This course provides an introduction to the field of socio-legal studies. Unlike traditional or ‘black letter’ lawyers, who mostly examine the law from a normative perspective, socio-legal scholars are concerned with what the law actually does in reality (often referred to as ‘law in action’) and how it relates to society and social change. To this end, socio-legal scholars adopt a more interdisciplinary perspective to analyzing the law. This course will examine key themes, insights and methods from the field, drawing on different countries and contexts.
Questions addressed include:
What functions does law have in society? Does law represent society’s consensus, is it helpful to advance the interests of the poor or does it rather serve the interests of the rich and powerful?
What is social production and what is the social working of law?
How do law and social change relate to each other – can law be used to bring about social change or vice versa?
Why do people obey the law?
How, when and why is law (not) invoked to resolve disputes?
Through these and other questions this course explores the ways in which law and society mutually affect and shape each other, and the roles that social context, structure and power play in this regard.
Understand important concepts, themes and theories within the field of socio-legal studies;
identify and distinguish between different actors relevant to access to justice;
explain law’s different functions in connection with different visions of society;
analyze and critically examine the various ways in which law can bring about social change or in which social processes lead to legal change;
comprehend the concepts of legal pluralism and legal consciousness, and explain how these relate to the above themes.

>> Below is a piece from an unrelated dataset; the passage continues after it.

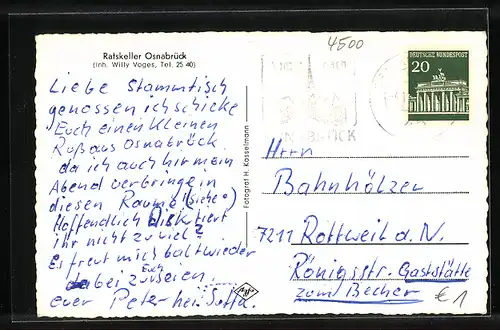AK Osnabrück, Ratskeller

Summarize readings in terms of arguments made, contribution to the literature, and methods used (case selection, data collection, and data analysis);
Discuss and apply the relevant law to wider societal issues;
Analyse diverging legal conceptualisations based on different socio-cultural contexts;
Develop and present sophisticated and coherent arguments both orally and in writing.
Once available, timetables will be published in the e-Prospectus.
Mode of instruction
The course uses a variety of teaching methods, including (interactive) lecturing, group presentations, in class discussion and debate, documentary footage, media coverage, podcasts and PowerPoint.
In-class presentation: 15%
Essay (3000 words): 30%
Written examination: 40%
In accordance with article 4.8 of the Course and Examination Regulations (OER), within 30 days after the publication of grades, the instructor will provide students the opportunity to inspect their exams/coursework.
There is a no re-sit policy at Leiden University College.
There will be a Blackboard site available for this course. Students will be enrolled at least one week before the start of classes.
The required and recommended reading will be listed in the course syllabus and will be made available on blackboard.